Graphics in Plain Language

An introduction to how modern graphics work in video games.

What not to draw

Graphics programming is often the story of balancing a dozen different restrictions to find the sweet spot. We saw last time that each time the scene is drawn, we build it up out of a lot of smaller building blocks - people, cars, traffic signs, buildings, everything that is on-screen is composed out of individual components that need to be drawn. There are several fine balancing acts going on here that we'll dive into.

The CPU and the graphics card have to work together to draw a frame. The CPU is where all of the rest of the game is running, so it is involved in deciding what things to draw for this frame, where the camera is looking, what animations are playing. The graphics card is the workhorse that does all of the mind-bubblingly complicated work that goes into drawing the pixels, and that's the big reason why the graphics card is so specialised for what it does.

It turns out then that both the CPU and the graphics card have limitations on how fast or how much they can process - but they care about different types of limitations.
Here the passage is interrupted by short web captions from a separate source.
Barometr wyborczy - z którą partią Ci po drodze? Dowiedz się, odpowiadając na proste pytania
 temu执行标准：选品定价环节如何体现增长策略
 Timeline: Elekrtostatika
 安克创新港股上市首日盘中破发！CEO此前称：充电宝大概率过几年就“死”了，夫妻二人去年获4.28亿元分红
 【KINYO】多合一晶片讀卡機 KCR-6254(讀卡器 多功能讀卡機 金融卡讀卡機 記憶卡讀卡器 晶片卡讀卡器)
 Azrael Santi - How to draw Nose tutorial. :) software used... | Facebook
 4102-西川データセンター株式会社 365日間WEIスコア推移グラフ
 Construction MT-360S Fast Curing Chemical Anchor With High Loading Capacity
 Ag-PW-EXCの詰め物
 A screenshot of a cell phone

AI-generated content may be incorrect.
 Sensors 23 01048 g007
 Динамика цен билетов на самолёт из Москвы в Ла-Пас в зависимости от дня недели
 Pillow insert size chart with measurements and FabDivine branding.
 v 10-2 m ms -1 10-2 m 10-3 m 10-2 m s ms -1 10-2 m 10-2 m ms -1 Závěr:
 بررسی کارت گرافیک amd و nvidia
Generally the CPU will care most about its own kind of work; how many objects are you drawing total? How different are those objects - is it 100 identical lamp posts, or 100 bushes, plants, trees? Are those objects animated and dynamically moving about, or are many of them static and unmoving?

The first thing we do to squeeze out as much as we can is to only draw the things that you can see on-screen. This seems obvious, but it does require a good deal of careful work. Remember that we are building every frame from scratch, so every time we might need to look at every object and determine if it is visible or not. What this means then is that in every game there is an empty black void following you around, and whenever you aren't looking objects and people will vanish from sight.

In this animation we rotate the camera around on a pivot, showing the empty void behind you. Careful viewers will note that it's not quite empty...

Getting a rule of thumb for this is difficult, but at broad strokes you can draw about 1000 objects in a scene without worrying and having room to spare - but if you're rendering 5000 objects you'd better have some tricks up your sleeve. Remember that in most games where the player can control a camera, you never know which angle they're looking from, so you have to allow some wiggle room.

It turns out there are a lot of tricks to getting the most out of this limitation, and especially in a game like Watch Dogs this is a primary concern. The closer you can get to the limits and the more visual fidelity you can get out of the same number of objects, the better the game will look.

Even if you look in front of you in the scene, that doesn't mean that you have to draw the entire rest of the city from here to the countryside. If there's a giant building to your right or to your left, everything behind that is blocked from sight - so let's just skip drawing it. Likewise some objects in the far distance get really small so we don't need to worry about drawing tiny plants and scrubs if they're far away.

This animation shows a tour down the street where we were originally looking, showing everything that's missing from side streets and the lack of detail in the distance.

In fact there are still many objects being drawn in this scene that don't end up being visible. This is an area where there's still a lot of work going on and different complicated techniques. It's always a trade-off, but if you can spend a little bit of time - or come up with a very clever method - and avoid drawing 100 objects without much work, you can make the scene that much more complicated or that much denser.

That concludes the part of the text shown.